Excerpted records:

╭──

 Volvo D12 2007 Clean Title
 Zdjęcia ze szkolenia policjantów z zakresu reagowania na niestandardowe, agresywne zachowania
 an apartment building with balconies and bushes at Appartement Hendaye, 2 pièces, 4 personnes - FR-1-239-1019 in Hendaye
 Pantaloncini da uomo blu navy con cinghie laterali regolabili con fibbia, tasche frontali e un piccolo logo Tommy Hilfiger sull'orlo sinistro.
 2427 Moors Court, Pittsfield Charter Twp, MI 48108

╰──
╭──

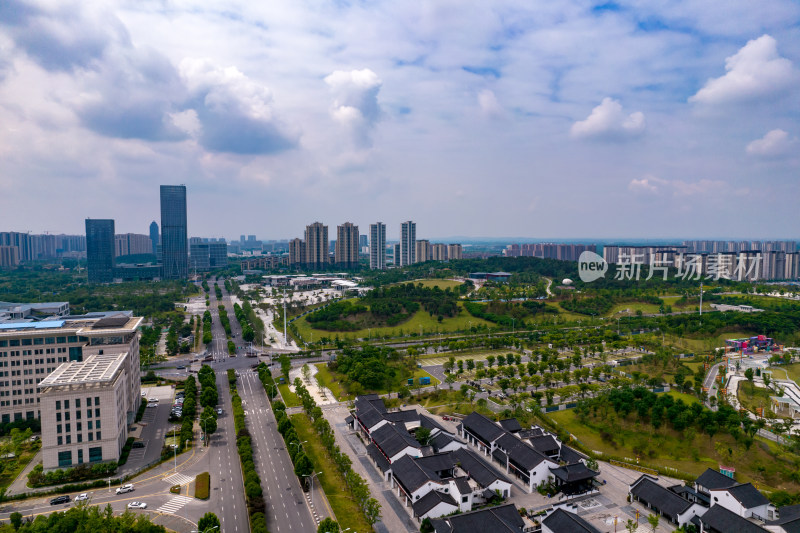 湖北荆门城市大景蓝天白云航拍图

╰──
╭──

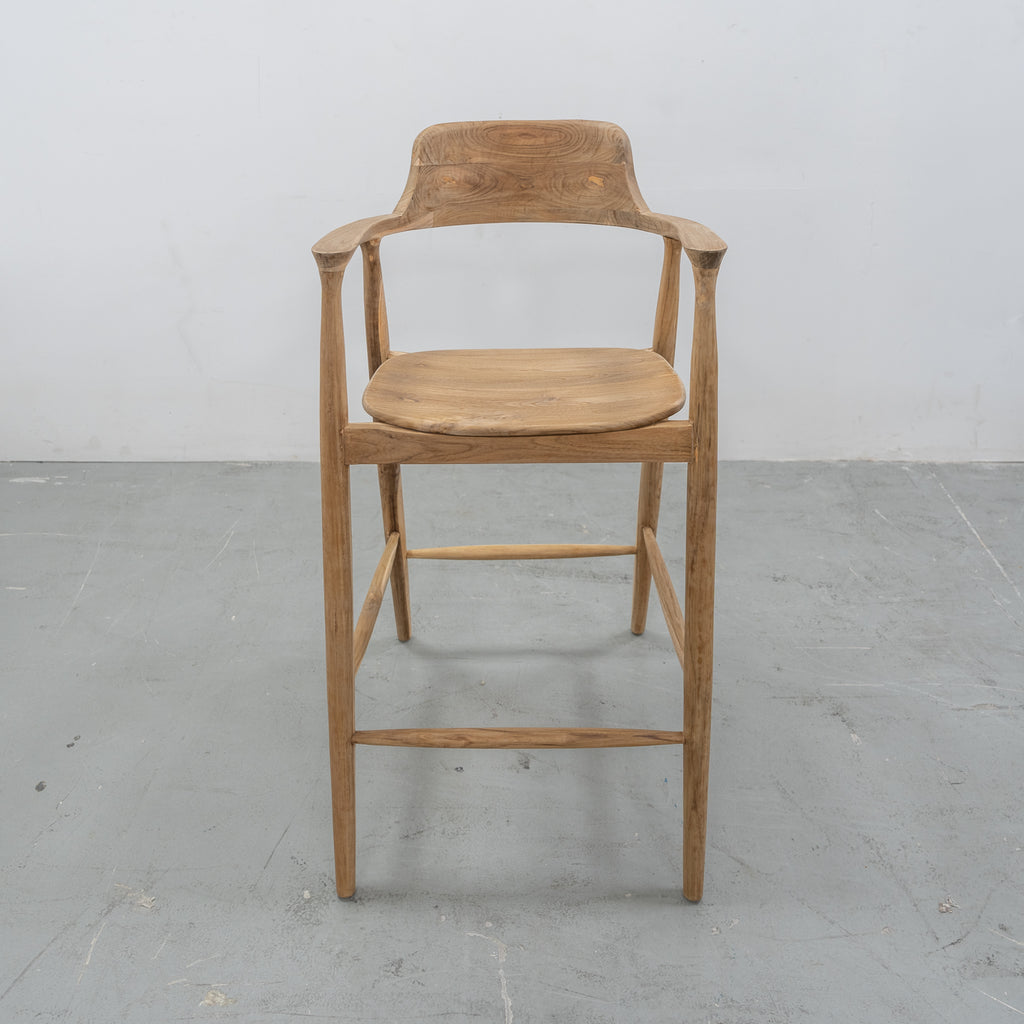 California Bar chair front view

╰──

Exercise: Among the entries above, find the line with "Pantaloncini da uomo" and the line with "2427 Moors Court, Pittsfield"; give again exactly these two lines and all lines between them.

Written answer:
 Pantaloncini da uomo blu navy con cinghie laterali regolabili con fibbia, tasche frontali e un piccolo logo Tommy Hilfiger sull'orlo sinistro.
 2427 Moors Court, Pittsfield Charter Twp, MI 48108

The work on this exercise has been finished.